Jacques Lacan parle

Jacques Lacan parle

In September 1972, Jacques Lacan was invited to give a lecture to students at the Catholic University of Louvain. As much as the content of his remarks, what impresses here is the way Lacan stages his speech. His thought slowly gets under way from silence, suddenly accelerates and finds its rhythm, until the intervention of a young Situationist interrupts the show. The second part of the film is an interview between Françoise Wolff and Jacques Lacan.

EN

“In France, Lacan’s rock star status owed much to his popular public seminars. The charismatic iconoclast had been giving free public lectures for decades, and those lectures were usually packed with students, colleagues, skeptics, young radicals… and fans. The video gives you an idea of what the fuss was all about. Even at 70, Lacan still owns the room, and he has the presence of a stage actor, complete with dramatic pauses, ironic self-reflection, and pitch-perfect storms of emotion. [Suddenly,] a politically inspired heckler tries to ambush him. It’s a moment right out of a comedy show, if the comedy show were chic and grainy and edited by Jean-Luc Godard. Note the grace with which Lacan neutralizes the poor guy, lights his cigar and then concludes the lecture, even though the fallout from their encounter is still stuck in his hair.”

Sheerly Avni1

 

“On October 13, 1972, the charismatic and controversial French theorist and psychoanalyst Jacques Lacan is giving a lecture at the Catholic University of Louvain, Belgium, when a young man with long hair and a chip on his shoulder walks up to the front of the lecture hall and begins making trouble. He spills water and what appears to be flour all over Lacan’s lecture notes and then stammers his way into a strange speech that sounds as if it were taken straight out of Guy Debord’s The Society of the Spectacle. The 71-year-old Lacan never loses his composure. (His cigar appears bent out of shape, but it was that way from the beginning.) The audience, too, retains a certain Gallic nonchalance.”

Mike Springer2

 

“A few minutes in, we see a young (somewhat unsteady) kid approach Lacan’s desk, dunk his hands into a pitcher of… something, pour that something all over Lacan’s materials and then start making grand proclamations in the idiom of The Situationist International. Not content to simply soapbox on Guy Debord, the Situationist wackadude flings the formerly pitcher-bound residue on his hands directly into the face of the much smaller Lacan, apparently in an effort to prove his “authenticity”. Over 70 years old at this time, Lacan continues talking. And Lacan continues smoking.”

Amber Frost3

 

“Perhaps it’s because the young student knows how difficult a target Lacan will be that the student crosses the line from intellectual argument to a gesture of physical confrontation, a gesture of touch. The act of physical protest is also a perfectly valid form of communication, as any fashionable semiotician must know, and Lacan coolly accepts it as such. He says, ‘I understand’. A few others in the room jump to Lacan’s aid, and the young man wishfully asks if he is going to be “roughed up”. He’ll have no such luck.
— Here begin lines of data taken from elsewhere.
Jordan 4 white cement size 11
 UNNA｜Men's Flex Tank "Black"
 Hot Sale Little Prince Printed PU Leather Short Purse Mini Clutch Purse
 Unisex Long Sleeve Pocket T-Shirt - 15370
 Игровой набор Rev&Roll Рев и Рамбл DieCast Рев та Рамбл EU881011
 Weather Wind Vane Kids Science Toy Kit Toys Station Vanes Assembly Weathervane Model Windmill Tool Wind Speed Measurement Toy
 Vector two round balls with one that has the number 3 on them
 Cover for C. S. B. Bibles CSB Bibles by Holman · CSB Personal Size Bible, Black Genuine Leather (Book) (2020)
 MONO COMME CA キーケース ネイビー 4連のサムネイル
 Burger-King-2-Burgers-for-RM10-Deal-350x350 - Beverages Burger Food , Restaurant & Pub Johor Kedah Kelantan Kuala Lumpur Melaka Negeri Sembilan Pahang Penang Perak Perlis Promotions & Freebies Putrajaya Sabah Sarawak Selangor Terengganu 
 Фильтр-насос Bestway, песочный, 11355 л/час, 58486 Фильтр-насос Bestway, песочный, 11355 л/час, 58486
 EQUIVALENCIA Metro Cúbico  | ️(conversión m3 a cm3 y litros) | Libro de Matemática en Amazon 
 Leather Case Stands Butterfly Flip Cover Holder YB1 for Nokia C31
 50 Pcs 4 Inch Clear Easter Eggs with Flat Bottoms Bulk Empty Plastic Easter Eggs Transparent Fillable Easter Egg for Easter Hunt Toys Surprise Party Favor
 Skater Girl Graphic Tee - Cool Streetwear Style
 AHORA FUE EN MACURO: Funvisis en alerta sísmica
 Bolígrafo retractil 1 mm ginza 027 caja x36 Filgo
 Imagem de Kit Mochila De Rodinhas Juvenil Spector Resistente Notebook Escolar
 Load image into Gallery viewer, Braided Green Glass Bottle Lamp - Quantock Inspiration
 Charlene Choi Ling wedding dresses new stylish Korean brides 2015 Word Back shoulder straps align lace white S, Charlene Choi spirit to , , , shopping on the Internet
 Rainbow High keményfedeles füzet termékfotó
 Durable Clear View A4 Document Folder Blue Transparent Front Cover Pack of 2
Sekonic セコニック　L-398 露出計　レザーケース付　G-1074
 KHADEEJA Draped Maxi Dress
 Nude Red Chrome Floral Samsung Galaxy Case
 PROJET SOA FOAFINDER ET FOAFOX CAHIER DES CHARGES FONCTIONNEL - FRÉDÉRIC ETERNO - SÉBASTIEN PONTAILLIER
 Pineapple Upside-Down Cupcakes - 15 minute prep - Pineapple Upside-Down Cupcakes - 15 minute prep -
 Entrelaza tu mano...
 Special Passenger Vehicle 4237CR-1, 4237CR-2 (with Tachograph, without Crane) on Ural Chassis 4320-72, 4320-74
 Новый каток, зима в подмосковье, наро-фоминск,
In fact, the young protestor’s nervous demeanor as he explains the purpose of his protest makes him so easy a target for the 71-year-old master that Lacan’s attempt to respond calmly and without rebuke begins to appear condescending. He asks, ‘Shall I carry on from here?’, inviting the young man to sit down, and the audience laughs.

The young man, realizing that he is in danger of becoming a comic figure of inarticulate youthful intensity, refuses to play along, and soon attacks Lacan a second time. Unlike the first act of physical confrontation, which Jacques Lacan tried to gently laugh off, the second seems to make him angry, perhaps against his will. As the mood in the room intensifies, the intellectual coherence of the confrontation between Lacan and the young protester begins to dissipate. Nothing has been decided or debated, but perhaps something has transpired.”